</>
character.codes
← Back to Learn

Understanding Unicode: Code Points, UTF-8, and Beyond

Published March 1, 2025

What is Unicode?

Unicode is a universal character encoding standard that assigns a unique number — called a code point — to every character in every writing system. It covers Latin, Cyrillic, Chinese, Arabic, emoji, mathematical symbols, and much more.
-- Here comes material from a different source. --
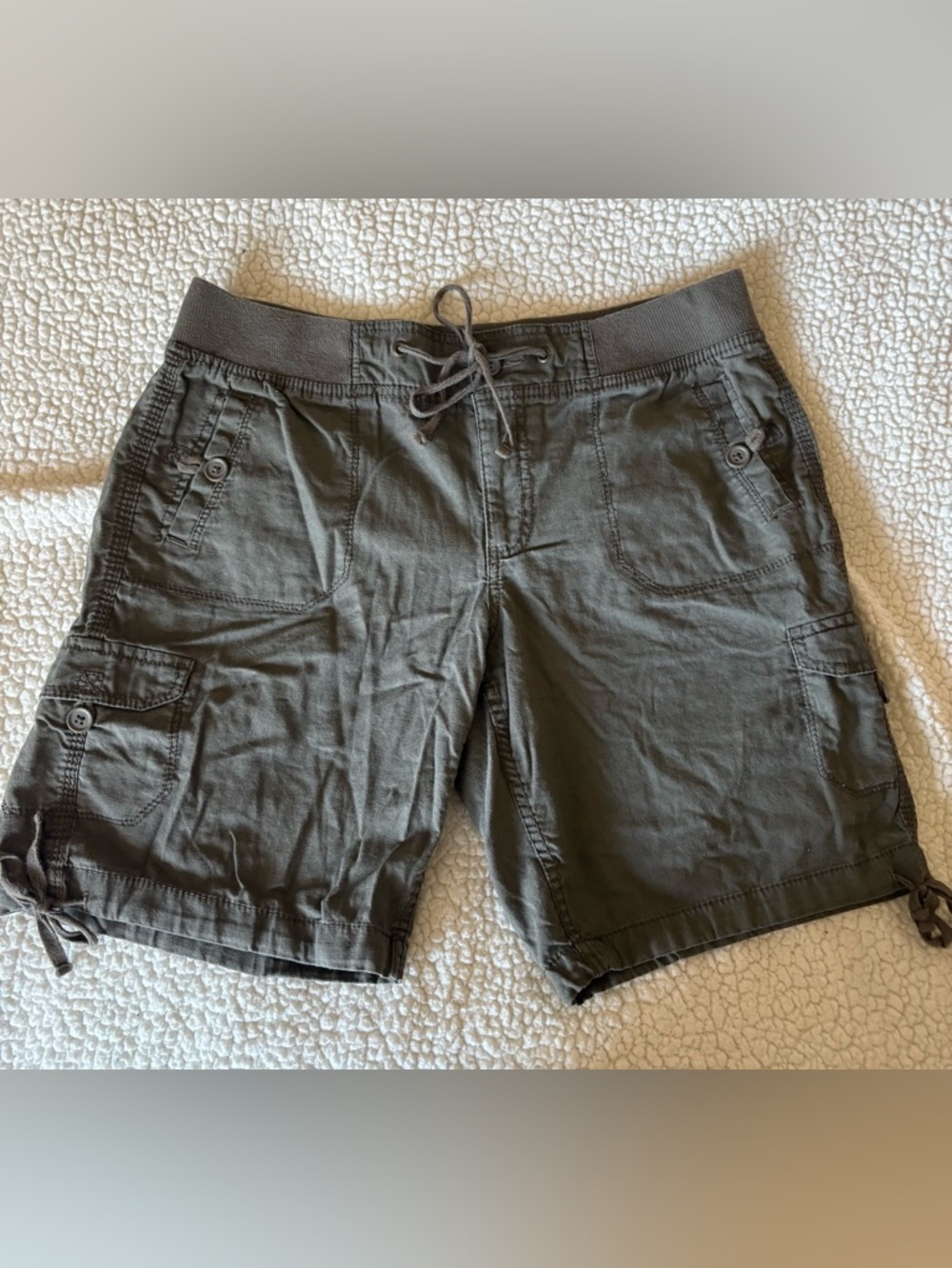 Women’s Faded Glory Olive Green Cargo Drawstring Shorts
Before Unicode, competing encoding standards (ASCII, ISO 8859, Shift_JIS, etc.) each covered a limited set of characters. This made it impossible to reliably mix scripts in a single document. Unicode solved this by creating one encoding to rule them all.

Code point notation

A Unicode code point is written as U+ followed by four to six hexadecimal digits. For example:

  • U+0041 — Latin capital letter A
  • U+00A9 — Copyright sign ©
  • U+1F600 — Grinning face 😀

The Unicode standard currently defines over 149,000 characters across 161 scripts.

Why it replaced ASCII

ASCII only encodes 128 characters (code points 0–127), which covers English letters, digits, and basic punctuation. That's nowhere near enough for the world's languages. Unicode is a superset of ASCII — the first 128 Unicode code points are identical to ASCII, so ASCII text is valid Unicode.

Encodings: UTF-8, UTF-16, UTF-32

Unicode defines code points, but a separate encoding determines how those code points are stored as bytes.

  • UTF-8 — Variable width (1–4 bytes per character). ASCII characters use 1 byte, making it backwards-compatible with ASCII. The dominant encoding on the web (used by over 98% of websites).
  • UTF-16 — Variable width (2 or 4 bytes). Used internally by JavaScript, Java, and Windows. Characters outside the Basic Multilingual Plane (above U+FFFF) require a surrogate pair of two 16-bit code units.
  • UTF-32 — Fixed width (4 bytes per character). Simple indexing but wasteful for text that's mostly ASCII. Rarely used in practice.

Unicode in practice

In most programming languages, you can insert a Unicode character by its code point using escape sequences:

  • JavaScript: "\u00A9" or "\u{1F600}"
  • Python: "\u00A9" or "\U0001F600"
  • HTML: &#xA9; or &#169;